March 26, 2014

Forget the Algorithms and Start Cleaning Your Data

Alex Woodie

The idea that the combination of predictive algorithms and big data will change the world is a tempting one. And it may end up being true. But for right now, the industry is facing a reality check when it comes to big data analytics. Instead of focusing on what algorithms to use, your big data success depends more on how well you cleaned, integrated, and transformed your data.
The dirty little secret of big data analytics is all the work that goes into prepping and cleaning the data before it can be analyzed. You may have the sharpest data scientists on the planet writing the most advanced algorithms the universe has ever seen, but it won’t amount to a hill of beans if your data set is dirty, incomplete, or flawed. That’s why up to 80 percent of the time and effort in big data analytic projects is spent on cleaning, integrating, and transforming the data.

As the data scientist heading up Cloudera’s Oryx project to create a new machine learning framework, Sean Owen lives and breathes algorithms. But even Owen wonders if the industry’s fascination with algorithms has gone a bit too far.

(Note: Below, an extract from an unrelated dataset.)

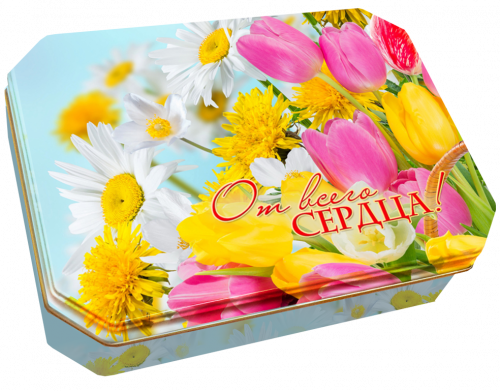 Чай черный "Цветы" 50 гр ж.б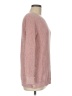 Ann Taylor LOFT 100% Cotton Pink Pullover Sweater Size M - photo 4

“It’s interesting that a lot of the conversation amongst these startups seems to be who’s got more algorithms, who’s got the faster algorithms, who’s got the better accuracy on a given data set,” he tells Datanami. “These are all important in some context, but I think some of these are missing the more basic needs out there.”

Instead of focusing on algorithms, people ought to be focused on data. “Everybody basically has the same algorithms,” he says. “I have a hard believing there’s a fundamentally different new algorithm that’s going to come out and change the world…..Really, the differentiators from one company to the next is data–who has more data, who has better data. More better data plus a dumb algorithm is going to beat a really good algorithm on bad data.”


Cloudera’s Sean Owen

The folks at RapidMiner have a similar viewpoint. The German-born advanced analytics software provider that Gartner considers a credible threat to the dominance of SAS and IBM‘s SPSS in this field has about 1,500 algorithms in its product, which it claims is the most of any company in its field.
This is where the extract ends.